───── MATERIAL PROVIDED ─────
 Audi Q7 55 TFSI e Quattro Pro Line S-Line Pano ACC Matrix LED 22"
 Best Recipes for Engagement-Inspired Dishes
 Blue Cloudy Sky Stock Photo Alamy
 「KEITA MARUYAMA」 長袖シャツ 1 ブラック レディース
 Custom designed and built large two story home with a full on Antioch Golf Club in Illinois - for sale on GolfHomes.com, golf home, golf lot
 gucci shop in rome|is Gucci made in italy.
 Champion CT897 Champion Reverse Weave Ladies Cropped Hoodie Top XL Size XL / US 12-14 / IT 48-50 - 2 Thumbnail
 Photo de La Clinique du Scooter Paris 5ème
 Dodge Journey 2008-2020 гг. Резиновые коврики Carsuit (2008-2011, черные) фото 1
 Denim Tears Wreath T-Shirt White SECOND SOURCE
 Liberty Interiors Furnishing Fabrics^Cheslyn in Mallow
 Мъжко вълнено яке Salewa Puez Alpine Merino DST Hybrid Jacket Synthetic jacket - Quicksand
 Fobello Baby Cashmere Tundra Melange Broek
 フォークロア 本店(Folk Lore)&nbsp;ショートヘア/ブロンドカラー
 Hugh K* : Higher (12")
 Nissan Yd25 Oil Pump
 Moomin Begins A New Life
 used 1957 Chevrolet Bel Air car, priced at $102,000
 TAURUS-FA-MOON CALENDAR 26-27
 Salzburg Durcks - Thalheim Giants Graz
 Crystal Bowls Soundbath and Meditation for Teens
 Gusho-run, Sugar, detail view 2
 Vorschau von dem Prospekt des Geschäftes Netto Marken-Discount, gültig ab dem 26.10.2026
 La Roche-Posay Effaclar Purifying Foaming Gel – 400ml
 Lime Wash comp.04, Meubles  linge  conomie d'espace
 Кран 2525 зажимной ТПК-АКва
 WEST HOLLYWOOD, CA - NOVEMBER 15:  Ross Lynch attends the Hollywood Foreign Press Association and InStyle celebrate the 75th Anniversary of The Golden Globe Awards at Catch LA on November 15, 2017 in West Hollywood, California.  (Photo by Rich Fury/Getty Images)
─────
- _WORK REQUEST_: Return exactly, and only, the lines above starting at the line that contains "Nissan Yd25 Oil Pump" and ending at the line that contains "Vorschau von dem".

- _TASK SOLUTION_:
 Nissan Yd25 Oil Pump
 Moomin Begins A New Life
 used 1957 Chevrolet Bel Air car, priced at $102,000
 TAURUS-FA-MOON CALENDAR 26-27
 Salzburg Durcks - Thalheim Giants Graz
 Crystal Bowls Soundbath and Meditation for Teens
 Gusho-run, Sugar, detail view 2
 Vorschau von dem Prospekt des Geschäftes Netto Marken-Discount, gültig ab dem 26.10.2026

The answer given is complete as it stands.